What you have to do:
Identify all lines below that hold "Home" and collect them.

━━━━━ Available data ━━━━━

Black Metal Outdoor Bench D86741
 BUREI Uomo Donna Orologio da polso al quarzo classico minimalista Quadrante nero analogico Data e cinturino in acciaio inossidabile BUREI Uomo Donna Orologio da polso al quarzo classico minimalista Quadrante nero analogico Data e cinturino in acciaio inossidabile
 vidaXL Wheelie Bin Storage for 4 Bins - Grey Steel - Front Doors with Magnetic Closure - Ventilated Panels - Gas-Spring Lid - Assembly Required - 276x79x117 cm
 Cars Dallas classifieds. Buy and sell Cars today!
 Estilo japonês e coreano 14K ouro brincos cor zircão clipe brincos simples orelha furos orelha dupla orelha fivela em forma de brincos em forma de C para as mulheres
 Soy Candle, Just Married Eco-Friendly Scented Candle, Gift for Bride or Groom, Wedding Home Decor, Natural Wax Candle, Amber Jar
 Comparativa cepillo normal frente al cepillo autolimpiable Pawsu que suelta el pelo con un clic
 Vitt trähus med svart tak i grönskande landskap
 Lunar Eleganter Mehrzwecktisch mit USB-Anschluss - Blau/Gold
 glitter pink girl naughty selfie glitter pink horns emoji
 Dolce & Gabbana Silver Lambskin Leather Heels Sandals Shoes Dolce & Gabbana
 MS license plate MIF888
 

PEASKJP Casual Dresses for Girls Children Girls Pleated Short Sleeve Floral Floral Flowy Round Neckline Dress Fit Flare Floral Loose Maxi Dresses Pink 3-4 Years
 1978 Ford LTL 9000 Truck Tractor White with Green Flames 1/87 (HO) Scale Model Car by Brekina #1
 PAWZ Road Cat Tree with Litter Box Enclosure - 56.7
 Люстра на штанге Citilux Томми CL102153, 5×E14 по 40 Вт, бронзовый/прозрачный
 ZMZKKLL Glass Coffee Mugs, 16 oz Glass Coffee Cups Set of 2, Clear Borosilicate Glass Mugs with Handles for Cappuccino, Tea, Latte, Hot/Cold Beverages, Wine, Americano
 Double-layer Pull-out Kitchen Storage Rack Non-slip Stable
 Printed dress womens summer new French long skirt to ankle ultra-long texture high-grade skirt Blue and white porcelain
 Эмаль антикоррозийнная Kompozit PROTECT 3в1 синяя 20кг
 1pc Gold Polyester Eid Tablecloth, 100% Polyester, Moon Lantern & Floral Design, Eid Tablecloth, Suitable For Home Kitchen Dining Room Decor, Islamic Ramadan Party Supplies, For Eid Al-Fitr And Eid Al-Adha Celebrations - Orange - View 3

━━━━━

Exercise response:
 Soy Candle, Just Married Eco-Friendly Scented Candle, Gift for Bride or Groom, Wedding Home Decor, Natural Wax Candle, Amber Jar
 1pc Gold Polyester Eid Tablecloth, 100% Polyester, Moon Lantern & Floral Design, Eid Tablecloth, Suitable For Home Kitchen Dining Room Decor, Islamic Ramadan Party Supplies, For Eid Al-Fitr And Eid Al-Adha Celebrations - Orange - View 3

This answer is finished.